Rob Kearney represented his country at the World’s Strongest Man competition in the African nation of Botswana in 2017. This might be notable enough for anyone, but there was one aspect that made the trip a little more significant. Kearney is openly gay, and homosexuality was illegal in Botswana at that time.
Unlike most strength athletes invited to compete, Kearney was notified through a phone call from lawyers at CBS, which broadcasts the event, that his now-husband could not attend, for fear of the pair being thrown in jail. “So it was the most intimidating and exciting phone call I’ve ever gotten,” he recalls.

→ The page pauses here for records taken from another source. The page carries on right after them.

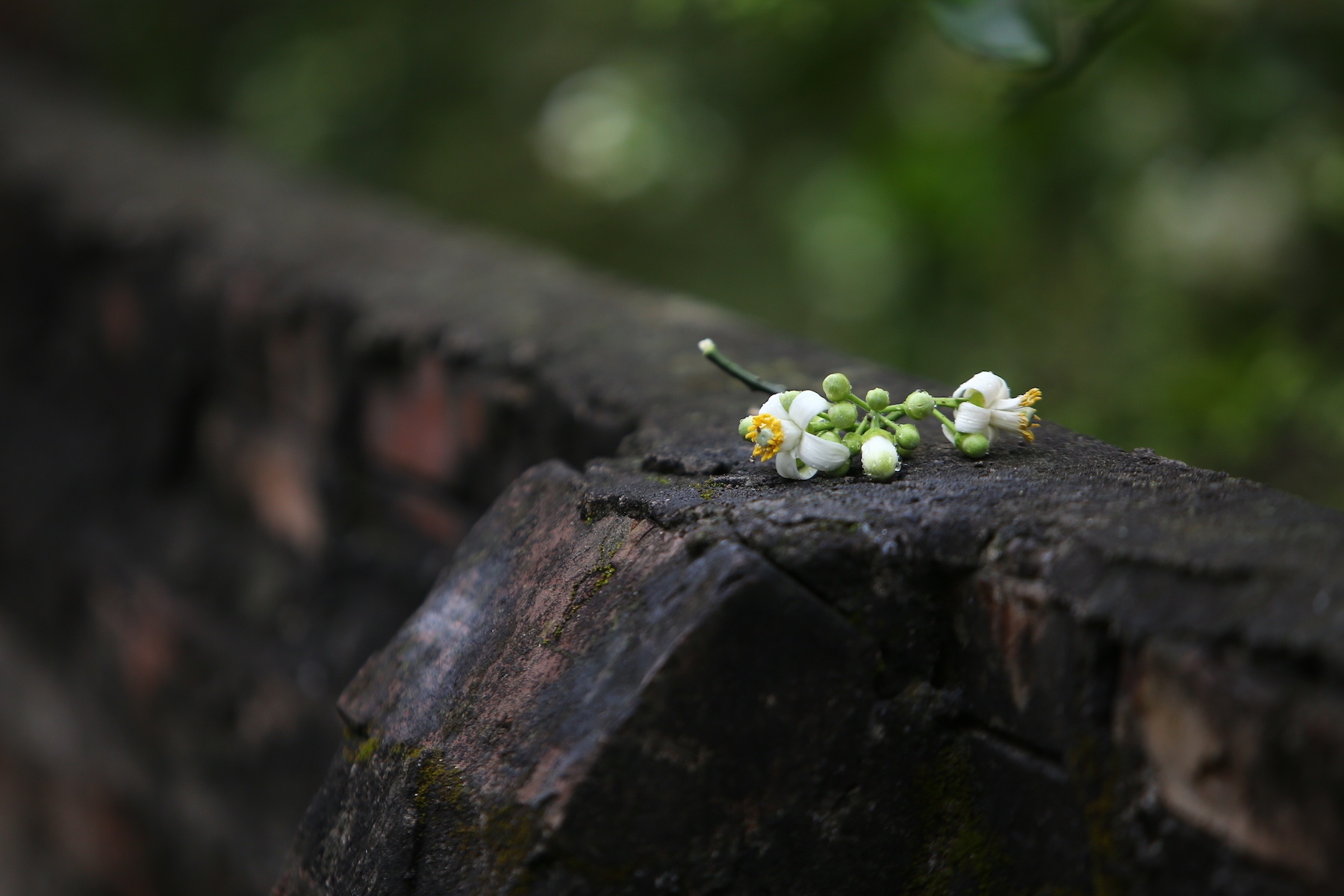 nhung mua hoa o Ha Noi anh 40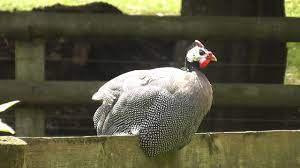 Consider raising guinea fowl on your homestead: Amazing Guinea Fowl Sounds Youtube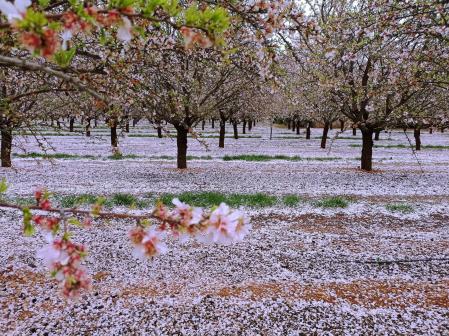 La bella floración tardía del almendro Soleta.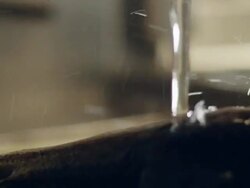 Restaurant food preparation Stock Footage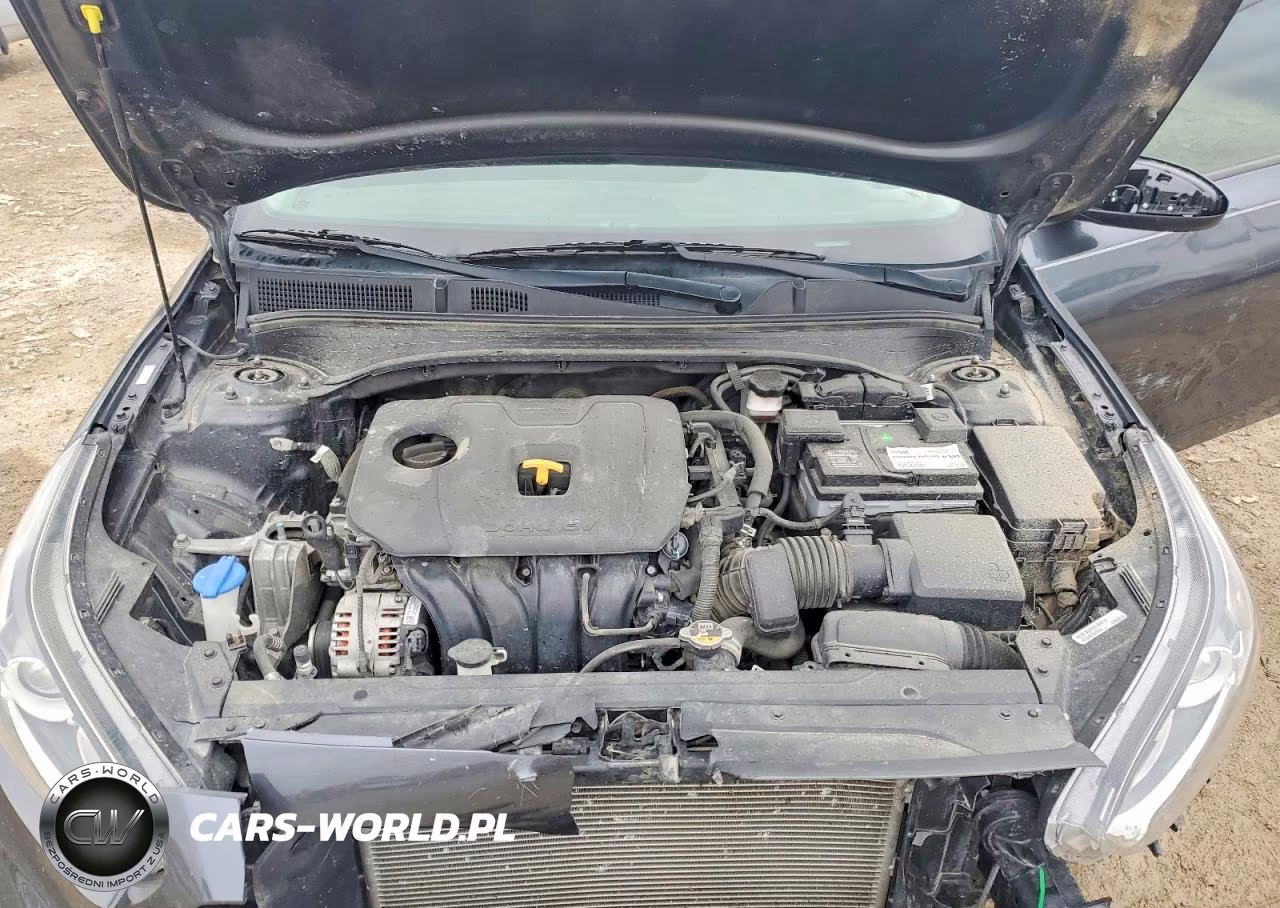 2021 Kia Forte Fe VIN:3KPF24AD0ME290301 - 11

Brute strength and power cannot buy universal acceptance, and the Wilbraham resident said as much when he spoke to students at Frontier Regional School the morning of Nov. 22. The self-proclaimed “World’s Strongest Gay” addressed high-schoolers and then middle-schoolers in the auditorium and shared his story of coming out in a sport steeped in hypermasculinity.
“The biggest thing I want you all to realize is, you know, once you aren’t afraid to actually be yourself, that’s when you actually get to experience real happiness,” he told the middle-schoolers, sporting his trademark rainbow mohawk. “For me, it’s when I got to experience real love, once I was finally able to break down all those walls and accept me for who I actually was, it completely changed my life and let me be able to talk to students like you about the things that I’ve done in this world.”

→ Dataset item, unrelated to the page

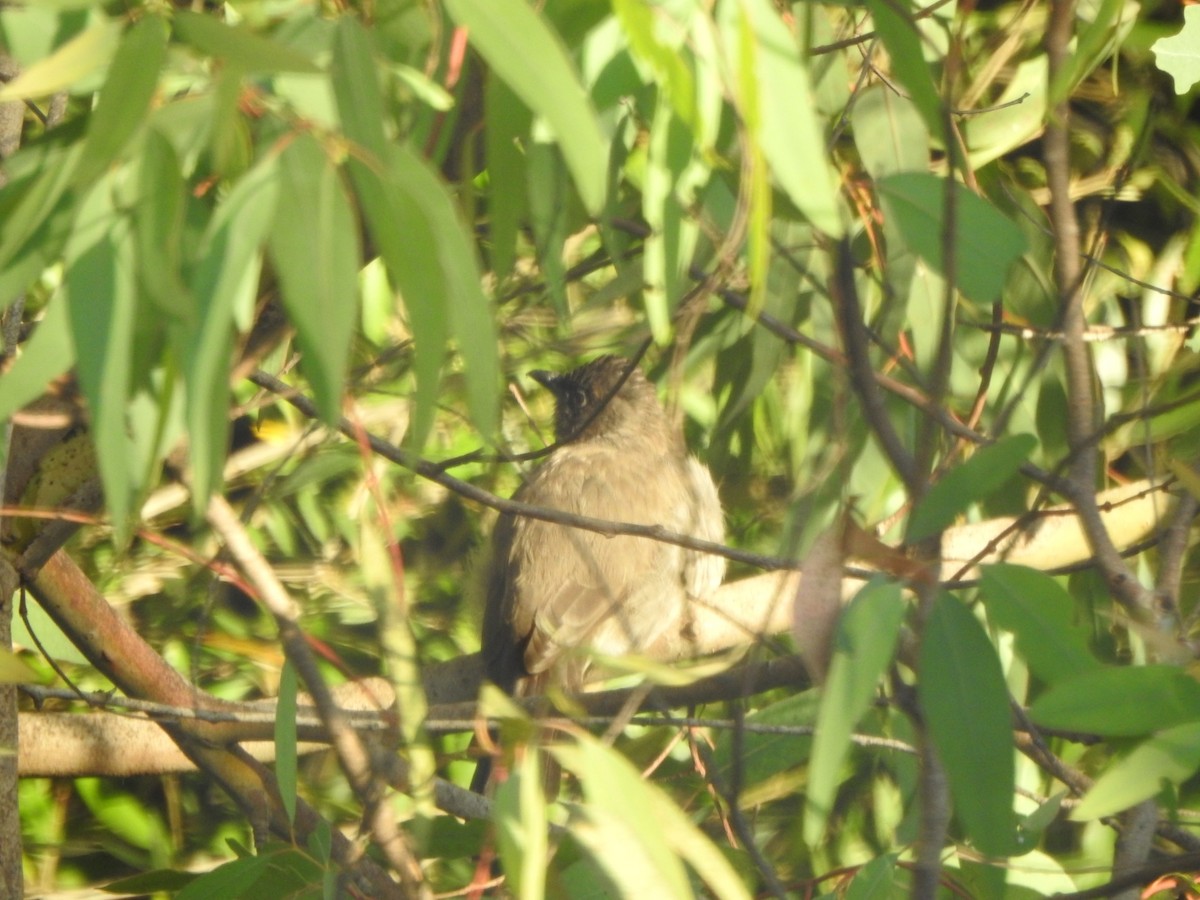 Common Bulbul - ML609328842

Kearney, 28, explained he competes in strongman, which he described as “a sport where we lift really crazy-heavy things.”
“We lift cars. We pull planes. We lift really big, heavy rocks. And that’s what I do for fun,” he said. “For me, strongman has kind of become a way of life completely by accident.”

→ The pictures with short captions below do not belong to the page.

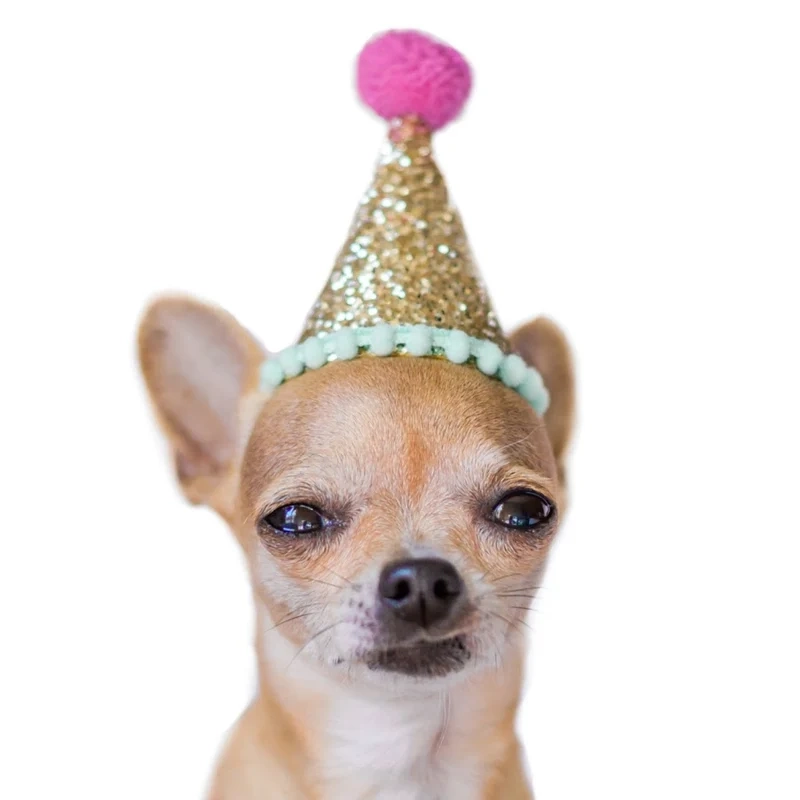 Happy dog meme với nụ cười rạng rỡ khiến mọi người vui vẻ.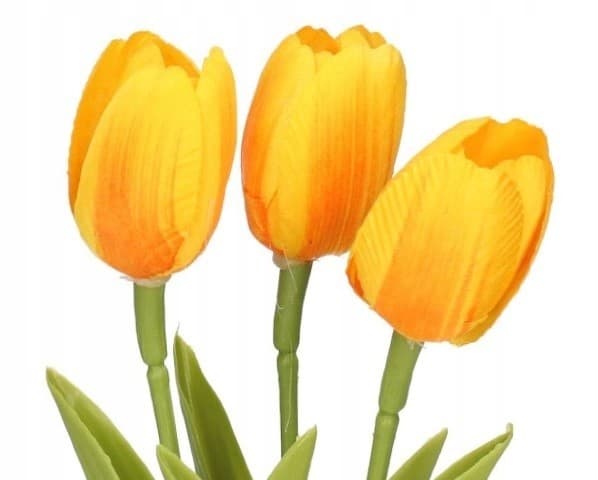 TULIPANER TULIPANER BUKET GUMMIBLOMSTER SOM LIVET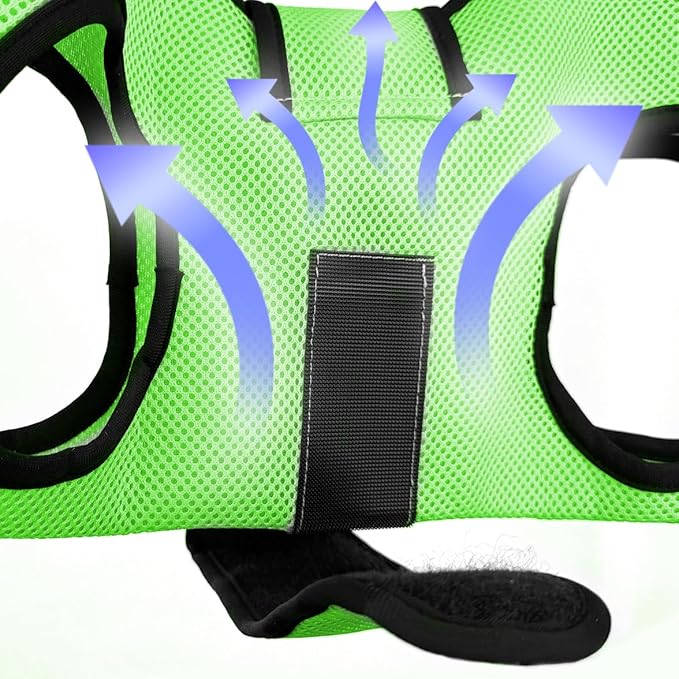 PawsUp Pet Grooming Hammock Kit for Large Dogs, 4-in-1 Professional Grooming Sling for Nail Trimming, Includes Heavy Duty Clipper, Nail File, and Steel Comb – Green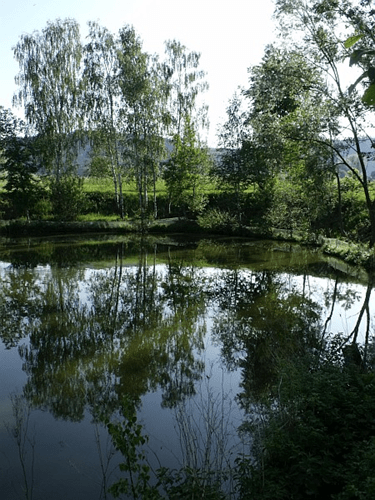 Gundelsdorfer Tongrube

Kearney mentioned that for 22 years he lived a stereotypical heterosexual life. He competed in high school football and baseball, played in bands and served as class president, even speaking at his graduation in southeastern Connecticut. He was on the weightlifting team at Springfield College, winning state championships and national titles.
“But I was kind of battling with myself,” he told the students, adding that he graduated from college and was in a relationship with a woman. “I say ‘relationship’ fairly loosely, now that I look back on what it was. It was essentially just me and a good friend just living together.
“And, I don’t know what it was, but one day I woke up and I finally realized why I wasn’t so happy,” he recalled. “I would wake up every single day putting up this facade, acting like somebody I wasn’t. I literally had to pretend to be straight every single day, which was exhausting.”
Kearney said he accepted his homosexuality (as did his friends and family) and he broke up with his girlfriend, ushering in a new chapter of his life. He began to admire LGBTQ icon RuPaul, who has been quoted as saying, “If you can’t love yourself, how in the hell are you gonna love somebody else?” Kearney met his husband, Joey Aleixo, on a dating app and the two were married this past March.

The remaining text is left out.